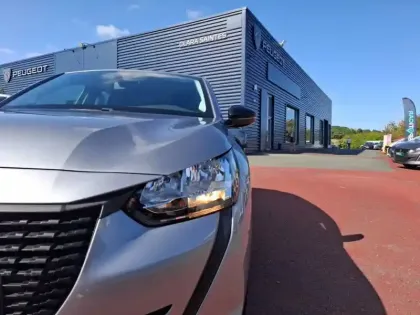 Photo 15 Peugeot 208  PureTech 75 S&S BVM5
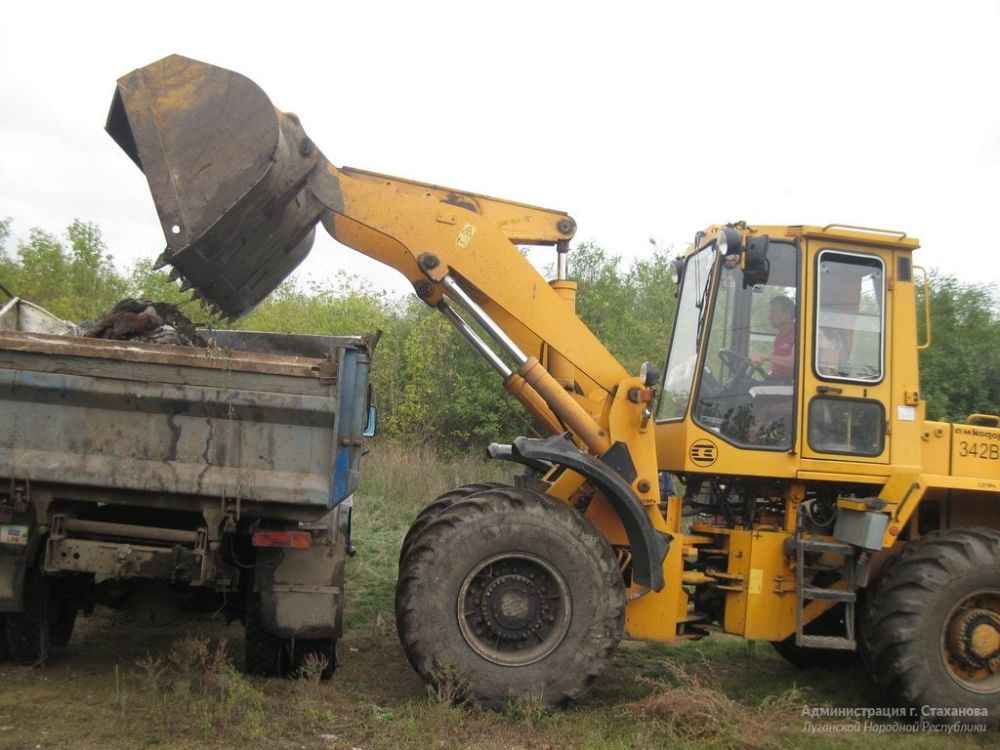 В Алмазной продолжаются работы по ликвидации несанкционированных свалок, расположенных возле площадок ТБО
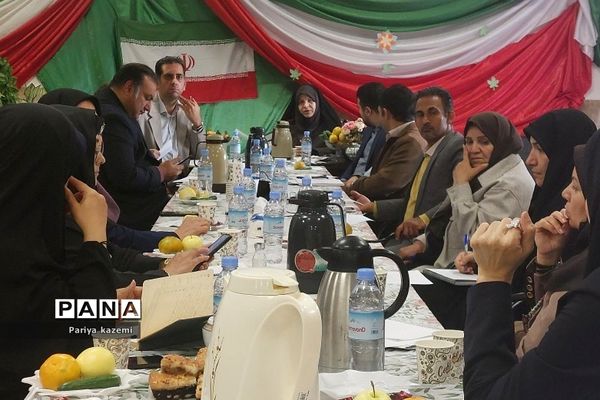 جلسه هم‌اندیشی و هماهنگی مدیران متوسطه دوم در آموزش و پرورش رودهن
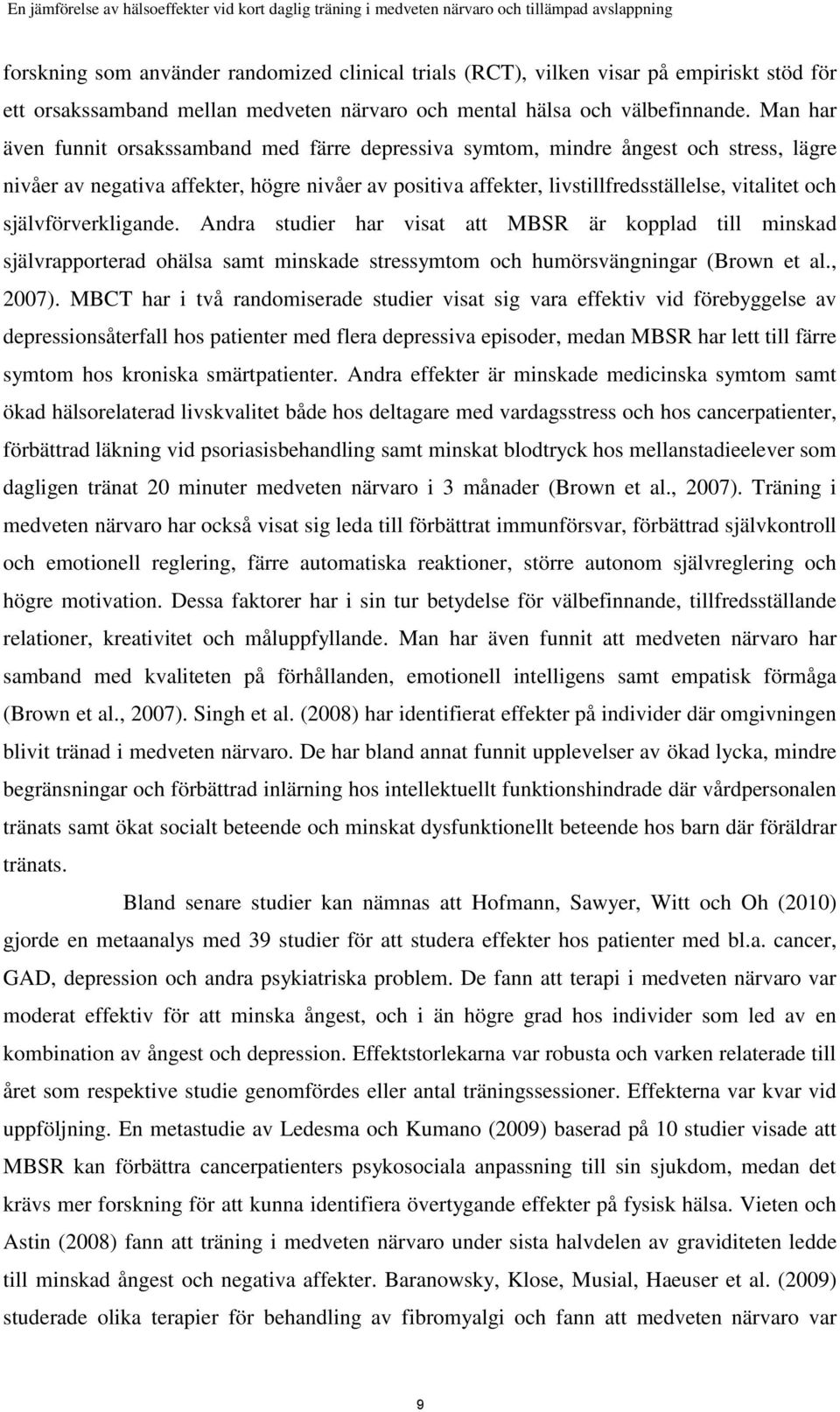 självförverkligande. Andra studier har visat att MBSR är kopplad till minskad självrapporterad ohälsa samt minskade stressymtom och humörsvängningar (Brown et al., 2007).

Aim of the exercise: Set down all the material exactly once more. No pictures.

Problem solution:
 Photo 15 Peugeot 208  PureTech 75 S&S BVM5
 В Алмазной продолжаются работы по ликвидации несанкционированных свалок, расположенных возле площадок ТБО
 جلسه هم‌اندیشی و هماهنگی مدیران متوسطه دوم در آموزش و پرورش رودهن
 självförverkligande. Andra studier har visat att MBSR är kopplad till minskad självrapporterad ohälsa samt minskade stressymtom och humörsvängningar (Brown et al., 2007).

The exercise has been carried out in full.